Key takeaways
Short answer: Capacity and throughput answer two different questions. Capacity is what the plant could produce if everything ran perfectly — the theoretical ceiling. Throughput is what it actually produces, in good units, once downtime, slow cycles, and defects take their cut. The space between the two is lost potential, and it is almost always cheaper to recover than to buy. That gap is, in effect, what OEE measures. Before adding a line, find out how much hidden capacity the current one is leaking. For the framework, see OEE for manufacturing.
Capacity is the maximum output a process or plant could produce over a defined period under ideal conditions — every machine running at rated speed, no stoppages, no defects, for all the time it is scheduled to run. It is a planning number: it tells you the ceiling, what you are theoretically capable of. Capacity comes in flavours — design capacity (the absolute theoretical max) and effective capacity (the realistic max allowing for necessary changeovers, maintenance, and breaks) — but both are still idealised. Capacity is essential for planning and quoting, but it is not what you ship. Mistaking capacity for expected output is how plants overpromise and underdeliver.
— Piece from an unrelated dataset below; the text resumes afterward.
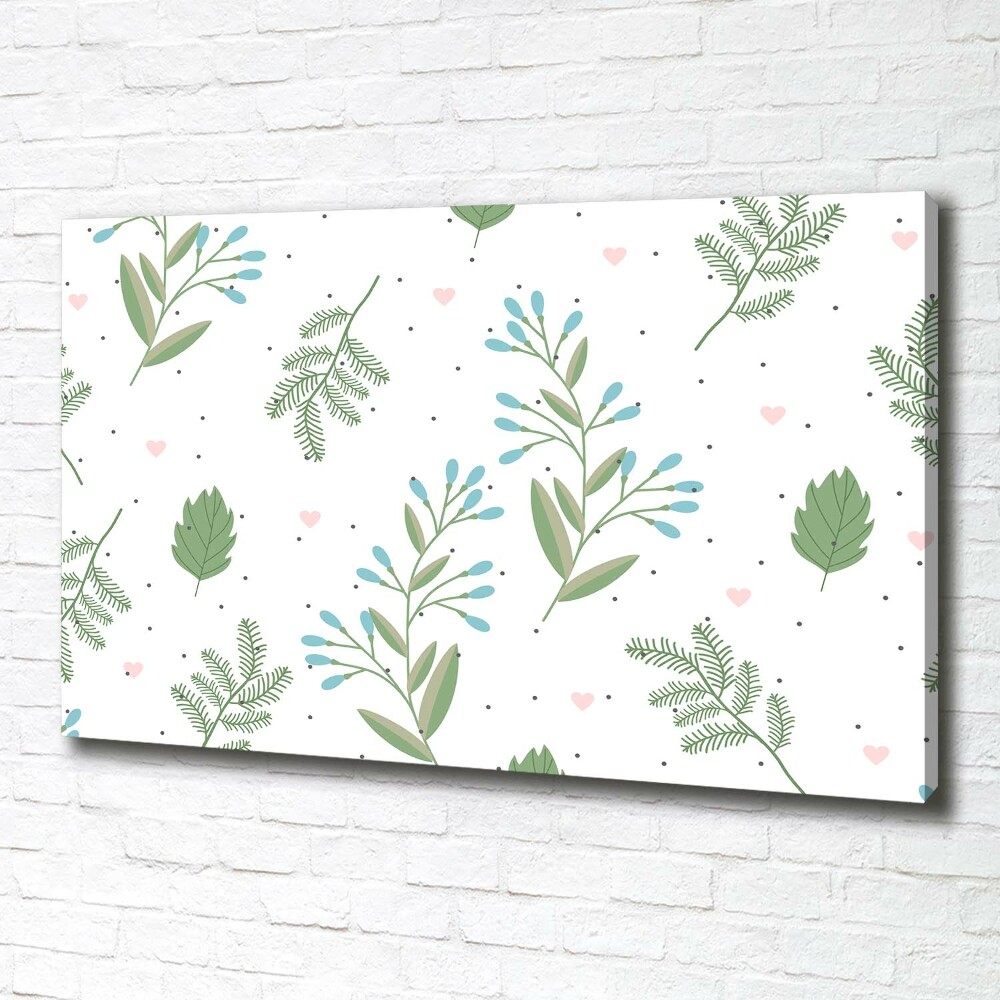 Canvas wall art Leaves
Throughput is the actual rate at which a process delivers good output — real units, of acceptable quality, in real conditions. It is what you actually got, after downtime stole some hours, slow running shaved the rate, and defects removed some units from the count. Throughput is the honest operational number: it reflects reality, not potential. The crucial qualifier is good — throughput counts sellable output, so a unit that was made but scrapped does not count, even though it consumed capacity. Throughput is what fills orders and earns revenue, which is why it, not capacity, is the number that should drive operational decisions.
The difference between capacity and throughput is the most important number neither metric shows on its own. It is hidden, recoverable production — capacity you already pay for (the machines, the building, much of the labour) but do not convert into good output. Every hour of downtime, every minute of slow running, every scrapped unit widens the gap. The temptation, when throughput falls short of demand, is to add capacity: buy another machine, add a shift, build a line. But if the existing line is only converting a fraction of its capacity into throughput, that new capacity will leak at the same rate. Closing the gap is almost always faster and cheaper than buying more.
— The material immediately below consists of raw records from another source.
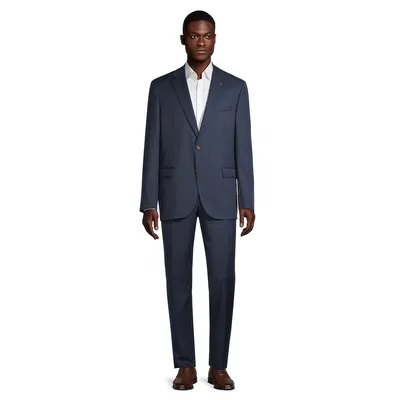 Jake Modern-Fit Check Wool Suit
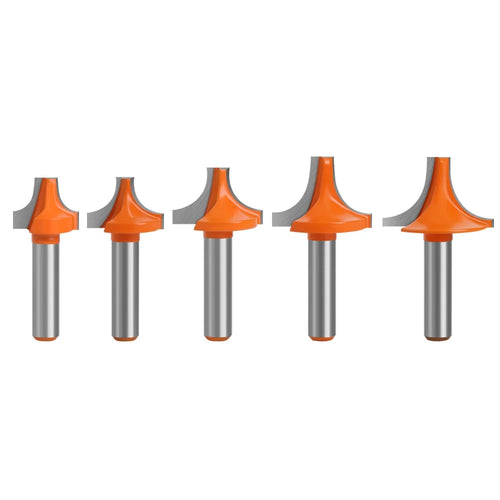 8mm Shank Round Over Edging Router Bit Woodworking Milling Cutter Tool - 1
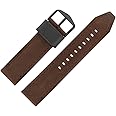 Fossil watch strap, 22 mm, brown leather watch strap set FS-4656.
A line has the capacity to make 1,000 units per shift at rated speed. In reality it ships 600 good units. Management considers a second line to hit a 1,000-unit demand. But break down the gap first: the line lost the equivalent of 150 units to downtime, 150 to running below rated speed, and 100 to defects — 400 units of hidden capacity inside the existing asset. Recovering even half of that lifts throughput to 800 units with no capital at all. Buying a second line that also runs at 60% would cost a fortune to add the same 200 units the current line is already leaking. The gap, not the ceiling, is where the cheap output lives.
This is not an argument that capacity never matters. If your existing line is already converting most of its capacity into throughput — a high OEE — and demand still exceeds what it can produce, then you have a genuine capacity constraint and adding capacity is the right move. The discipline is sequence: measure how much of current capacity is actually reaching throughput before you spend. A plant running at 85% OEE that needs 30% more output needs more capacity; a plant running at 50% OEE that needs 30% more output almost certainly needs to fix the existing line first. Capacity decisions should follow the gap analysis, not precede it.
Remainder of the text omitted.